Testing Alternative Methods of Varietal Identification Using DNA Fingerprinting: Results of Pilot Studies in Ghana and Zambia

October 3, 2016 - Mywish K. Maredia, Byron A. Reyes, Joseph Manu-Aduening, Awere Dankyi, Petan Hamazakaza, Kennedy Muimui, Ismail Rabbi, Peter Kulakow, Elizabeth Parkes, Tahirou Abdoulaye, Enid Katungi, and Bodo Raatz

IDWP 149. Mywish K. Maredia, Byron A. Reyes, Joseph Manu-Aduening, Awere Dankyi, Petan Hamazakaza, Kennedy Muimui, Ismail Rabbi, Peter Kulakow, Elizabeth Parkes, Tahirou Abdoulaye, Enid Katungi, and Bodo Raatz. 2016. Testing Alternative Methods of Varietal Identification Using DNA Fingerprinting: Results of Pilot Studies in Ghana and Zambia

EXECUTIVE SUMMARY
Varietal adoption based on household surveys has mostly relied on farmers’ response to
varietal identification.
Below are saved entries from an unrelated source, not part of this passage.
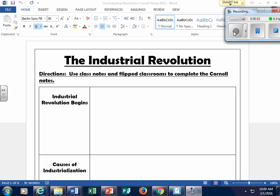Hello, students. This is Mr. Marderone, and we are beginning our unit on the Industrial Revolution. I'm going to be joined in the next couple of videos with a couple of your classmates — they're going to jump in and change things up a bit. So today in our flipped classroom, you guys want to have out your Cornell notes that deal with the Industrial Revolution.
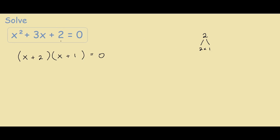To solve the equation we want to find a way for one bracket to equal zero. If this bracket here equals zero, zero times anything is zero, so it's a solution. We have x plus 2 equals zero, so minus 2 on both sides gives x equals negative 2. If you put negative 2 back in you get negative 2 plus 2 which is zero, and zero times anything equals zero, so x equals negative 2 is a solution.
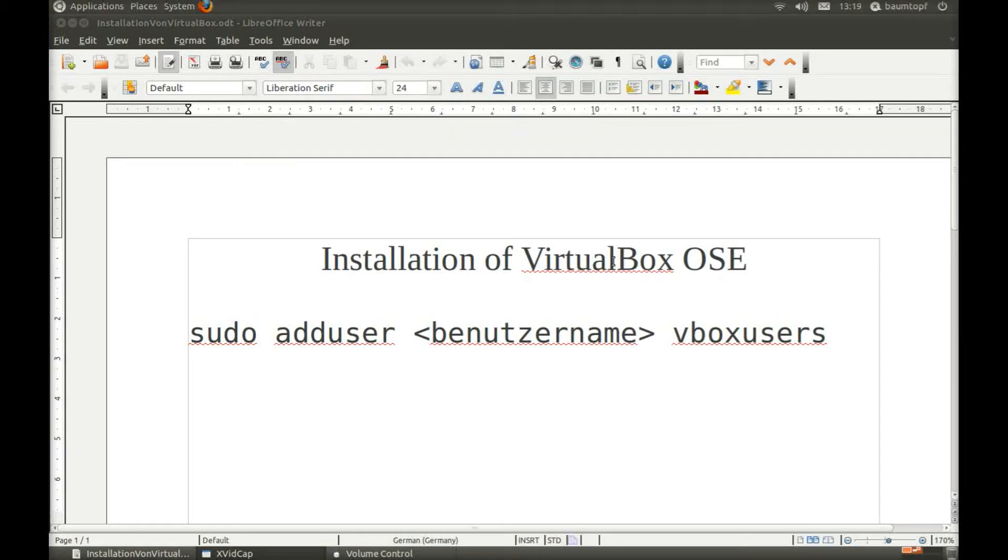Hello Ubuntu users. Today I would like to show you how to install VirtualBox OSE.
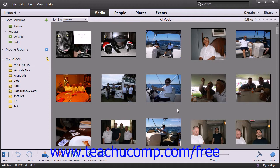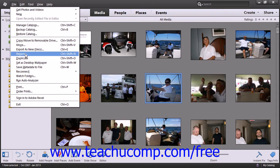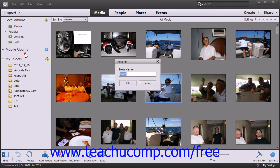To change the name of an image, select the file in the organizer, then select File and choose the Rename command from the menu bar. Type your new name for the image into the Rename dialog box and then click the OK button.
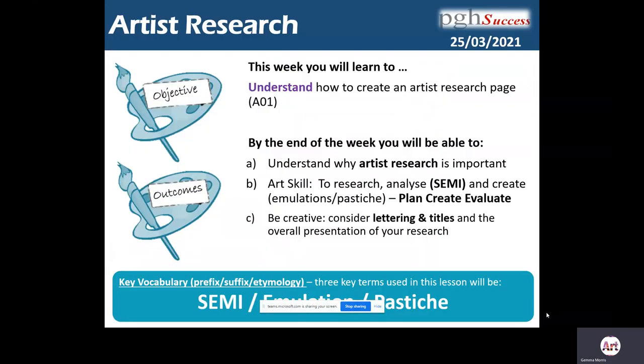In today's lesson we are going to be developing our artist research, and you are going to understand how to create an artist research page for Assessment Objective 1. By the end of this week you'll be able to understand why artist research is important, research and analyze the work of artists using our SEMI analysis — which stands for Subject, Elements, Media, and Intent — and also be able to create emulations and pastiches. Today's key words are SEMI, emulation, and pastiche.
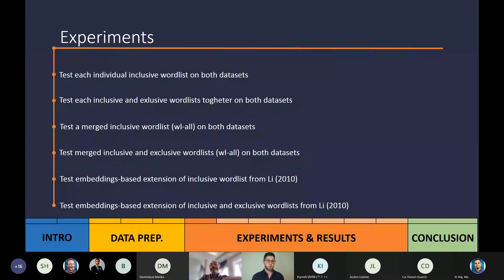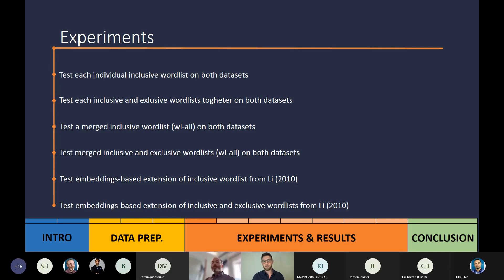We ran six tests. The first used individual inclusive word lists from all four authors on both datasets. The second test added exclusive word lists to the inclusive word lists, again on both datasets. The third test was the first experimentation with extending these lists — we merged all four lists and tested that on both datasets, also adding the merged exclusive word list. The last two tests were our embeddings-based extensions, applied to the keyword list from the first author, Lee: first testing with an extended inclusive list, and second extending both inclusive and exclusive word lists.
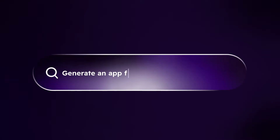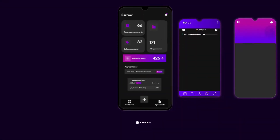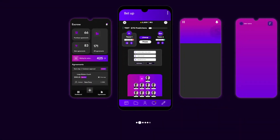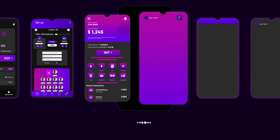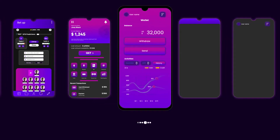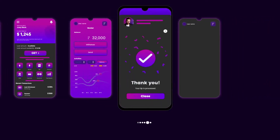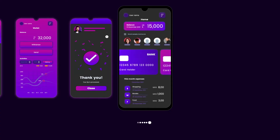Imagine telling a chatbot, build me an app for my business, and seeing it generated in seconds. That's the future of app development. Your AI apps will need a way to handle financial transactions. Your app might need to support escrow, bets, loans, trades, tipping a creator, or simply accepting payments.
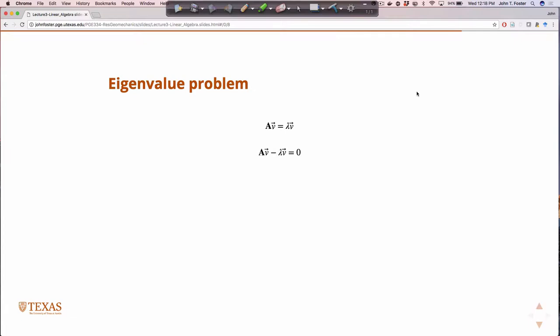I can rewrite and rearrange that equation, moving everything to one side. Now, that's a vector subtracting a vector, which is okay, but can a vector equal zero? It should be the zero vector — so there should be a vector symbol over that zero.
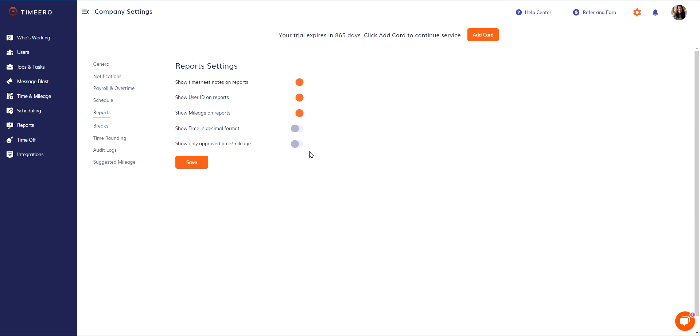By default, this is turned off in your account. So when you run your reports with this turned off, you're viewing both approved timesheets and those that have not yet been approved. If you turn this on, when you generate your reports, you're only accessing the approved timesheets. Any timesheet that has not been approved will not show up in your report if this is turned on.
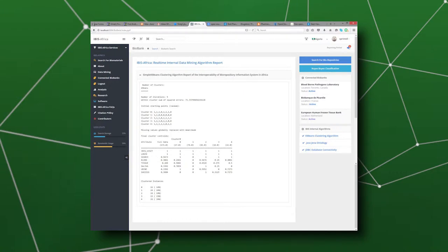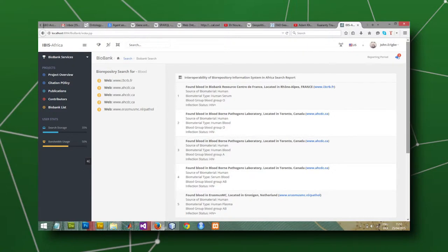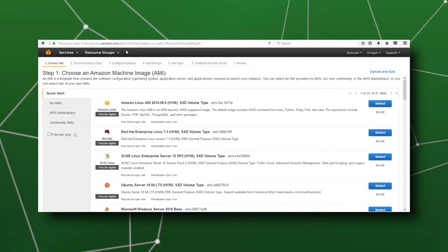The use case we presented is IPIS. It's a platform for the interoperability of biorepository information systems in Africa. It's a platform that centralizes existing biorepositories. Biorepositories are research materials used for archiving things like blood, tissues, and saliva, which will be further useful for researchers to engage in biological studies and bioinformatic research.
This method can give biased estimates if farmers are unable to identify
improved varieties as a group or by name, or give names that do not match with the released
variety list. To tackle these potential problems other innovative methods have been suggested
that require time and resource intensive data collection such as including follow-up questions
in the survey instrument to gather information on varietal traits, visiting the field to observe
plant characteristics, or collecting sample materials (i.e., photos, seeds/plant tissues) from the
farmers for later verification by experts. However, the accuracy of these different methods for
identifying varieties grown by farmers to be able to estimate variety specific adoption is
unknown.

This paper reports the results of two pilot studies conducted in Ghana and Zambia to test and
validate some of these different approaches of collecting variety-specific adoption data
against the benchmark of DNA-fingerprinting to determine which method can accurately
identify released varieties used by farmers. Results suggest large variations in the estimates of
varietal adoption obtained by these different methods compared to DNA fingerprinting
results. Results also point to potential challenges of these alternative methods of varietal
identification, including DNA fingerprinting in a developing country setting. The
implications of these results on future adoption and impact studies are discussed.